» WHAT NEEDS TO BE DONE
In the entries below, find the line with "VTG Precious Moments" and the line with "Small Black Boyfriend Plaid Shacket Coat"; reproduce those two lines and all lines between them exactly, without pictures.

» MATERIAL PROVIDED
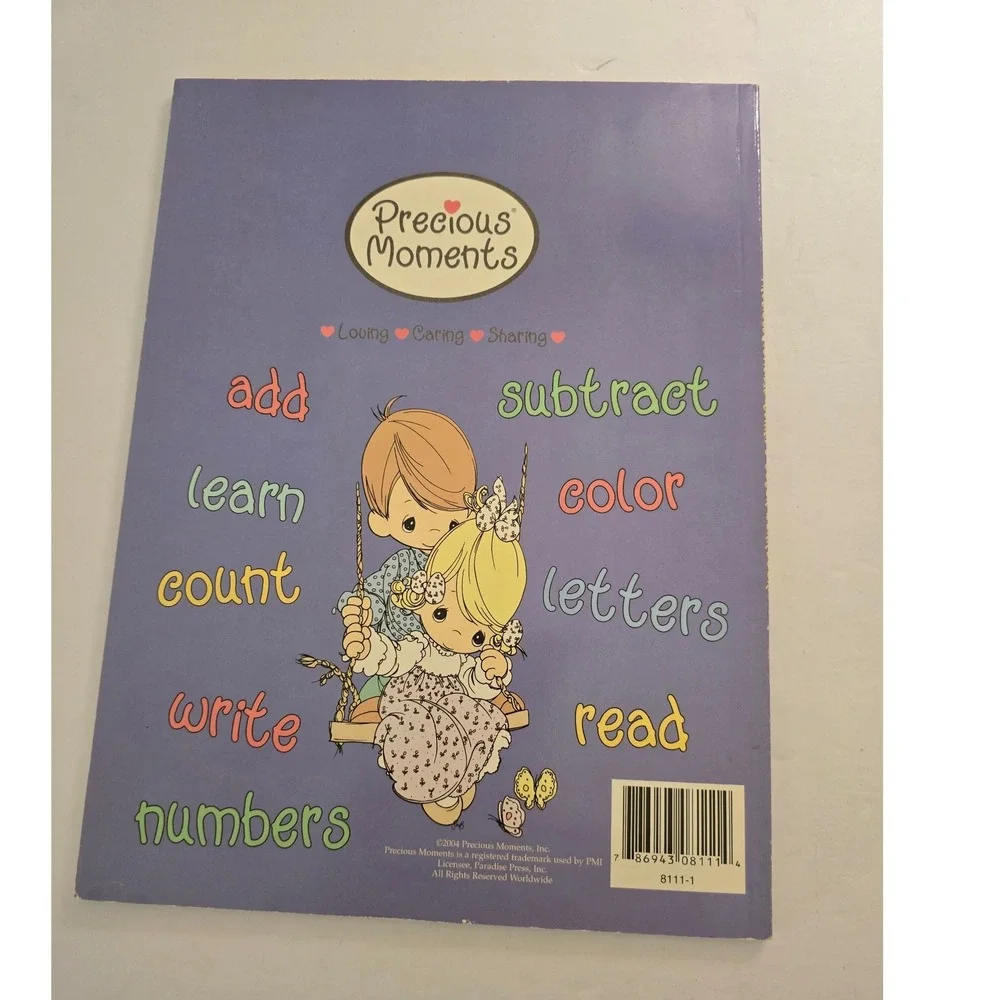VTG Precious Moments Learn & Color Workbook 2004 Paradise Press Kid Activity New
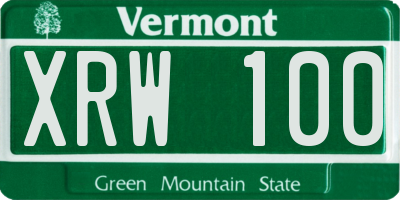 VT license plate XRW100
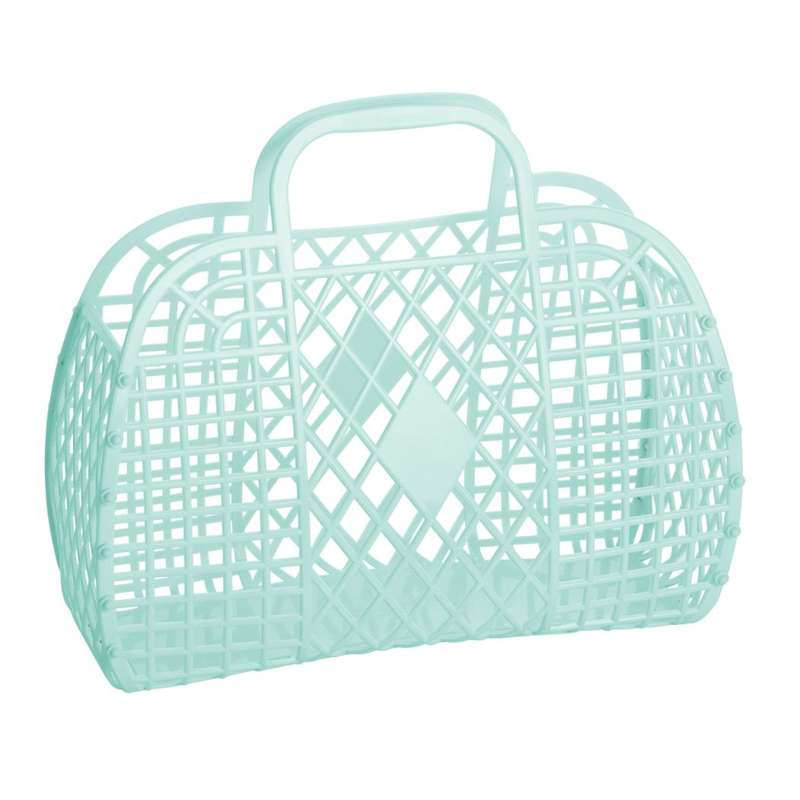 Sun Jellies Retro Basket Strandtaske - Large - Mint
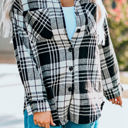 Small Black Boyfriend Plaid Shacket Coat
==
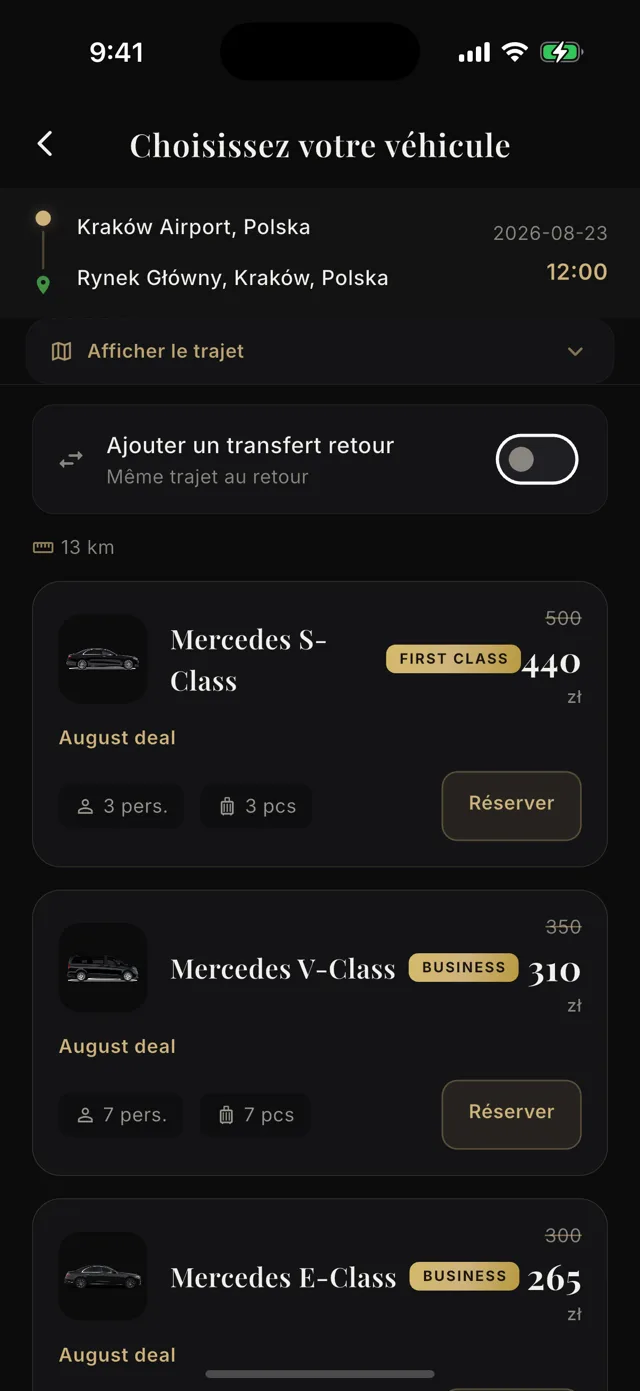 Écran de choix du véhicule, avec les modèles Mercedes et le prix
...
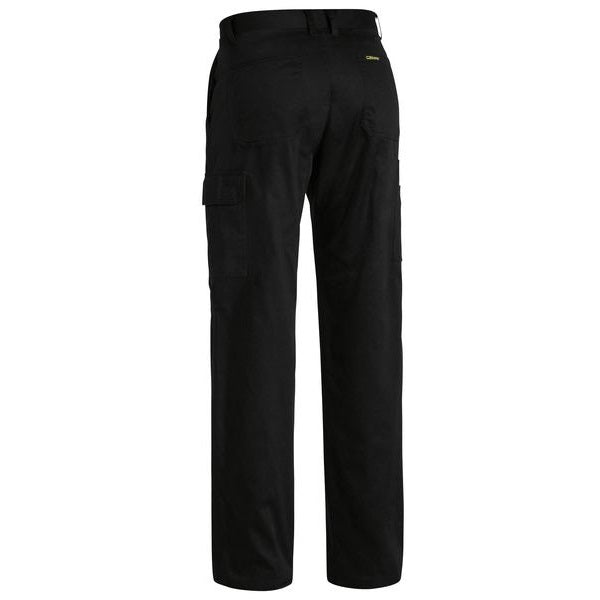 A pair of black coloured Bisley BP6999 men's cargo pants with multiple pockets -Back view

» RESULT FOR THIS EXERCISE
VTG Precious Moments Learn & Color Workbook 2004 Paradise Press Kid Activity New
 VT license plate XRW100
 Sun Jellies Retro Basket Strandtaske - Large - Mint
 Small Black Boyfriend Plaid Shacket Coat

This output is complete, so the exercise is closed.